Corkery, Daniel (1883–1961), revolutionist and politician, was born 20 September 1883 into small farming stock in Clondrohid parish, near Macroom, Co. Cork, youngest of two sons and one daughter of James Corkery and Johanna Corkery (née Buckley). Educated at Macroom national school, he was widely read in history and literature, in the tradition of his generation. His basic livelihood was shopkeeping (grocery, flour, and meal); his shop, destroyed by crown forces (Auxiliaries) in April 1921, was thereafter rebuilt and a going concern until his death.

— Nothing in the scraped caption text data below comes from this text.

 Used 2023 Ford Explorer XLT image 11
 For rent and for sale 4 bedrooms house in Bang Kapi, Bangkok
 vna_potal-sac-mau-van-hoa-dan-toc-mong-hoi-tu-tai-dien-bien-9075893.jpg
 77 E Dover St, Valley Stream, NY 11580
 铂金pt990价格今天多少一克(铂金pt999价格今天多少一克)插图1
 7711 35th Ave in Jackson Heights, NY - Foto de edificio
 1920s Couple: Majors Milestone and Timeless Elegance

He joined the IRB in the early 1900s and the National Volunteers in 1914, being elected an officer. He was a founding member (October 1915) of the Irish Volunteers in the Macroom area, and CO of the Volunteers parading in Macroom on Easter Sunday 1916 before news of the countermanding order was received. Interned in Cork, Dublin, Wakefield, and Frongoch, he was released at the end of July 1916. He then reorganised the local volunteers and was reinterned, this time in Dundalk gaol, for six weeks. During the war of independence he was OC 7th Battalion, 1st Cork Brigade, subsequently OC 7th Bn flying column. In the civil war he fought on the anti-treaty side, and was captured and interned in the Curragh and Mountjoy; he was granted a one-day parole for his wife's funeral (July 1923), participated in a general hunger strike for twenty-eight days, and was released in 1924.

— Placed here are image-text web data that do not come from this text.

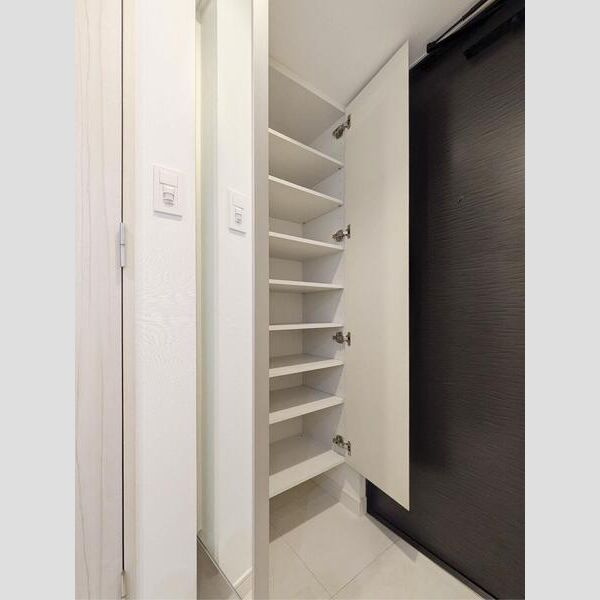 S-RESIDENCE堺筋本町Unoの玄関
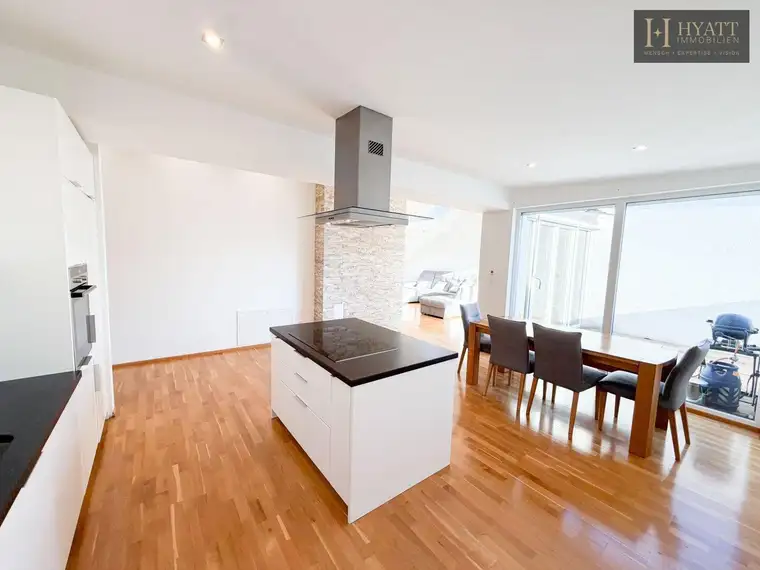 | FÜR SPORTLICHE only!| Elegante Dachgeschosswohnung mit Terrasse, Klimaanlage &amp; Smart-Home | inkl. Stellplatz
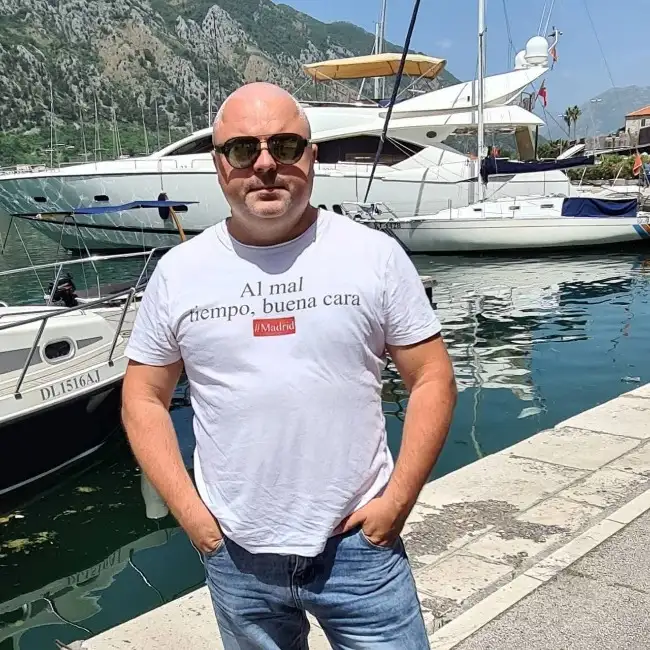 OLEH, 43, Штутгарт - Mein Herz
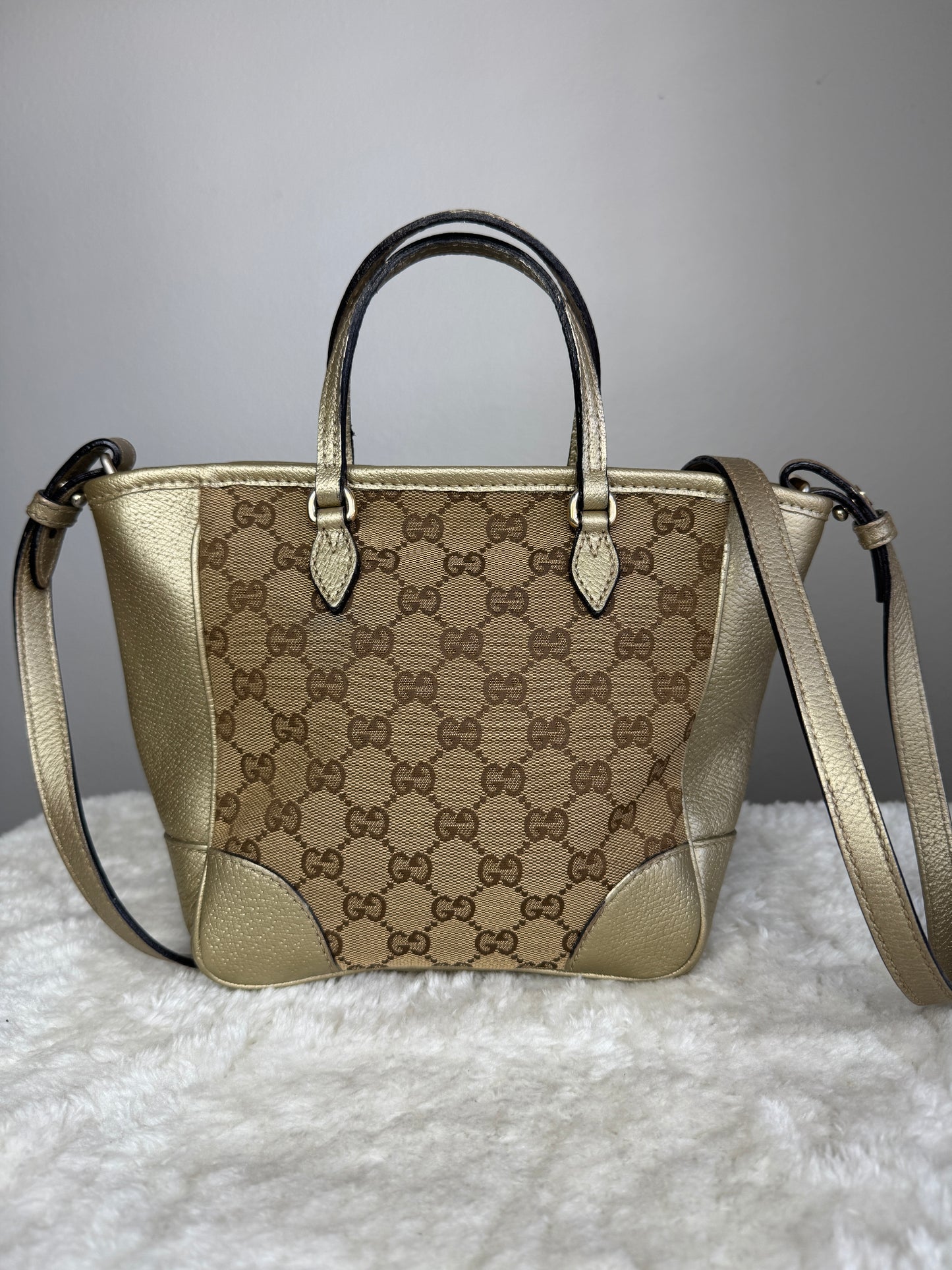 GUCCI Bree Small Handbag GG Canvas metallic Gold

Elected unopposed in July 1921 to the second dáil as a Sinn Féin TD for the eight-seat constituency of Cork Mid, North, South, South-East, and West, six months later he made a short speech against the treaty. Reelected for the same constituency in the pact election of June 1922, he was elected for Cork North (August 1923) while in gaol. He headed the poll in Cork North in June 1927, when he stood as an independent republican candidate, and again came top when he stood for Fianna Fáil in the September 1927 general election. His delay in giving allegiance to the new party indicated an interesting independence of mind. He lost his seat in 1932 but regained it in 1933. In 1937, after changes in constituency boundaries, he failed to be elected for Cork West. He was a Fianna Fáil member of Seanad Éireann for the industrial and commercial panel between 1938 and 1944, and a member of Macroom urban district council from the 1920s to his death (23 April 1961).
A successful senior footballer, he won county championship medals for Macroom from 1909 to 1913 and played on the Cork county team that won the Munster title in 1907. After the civil war he was active in Macroom GAA, which helped to reconcile old comrades. A dedicated gardener, he was instrumental in promoting afforestation in his constituency, setting up Mallow sugar factory, and implementing the home-grown-tomato policy of the 1930s. He also helped to found and promote the Irish Press. In 1915 he married Mary Murphy (21 November 1884–7 July 1923); they had two sons and one daughter. In 1929 he married his wife's first cousin Madge, who died in 1930. He is sometimes confused with Daniel Corkery (qv) (1878–1964) (qv), writer and academic.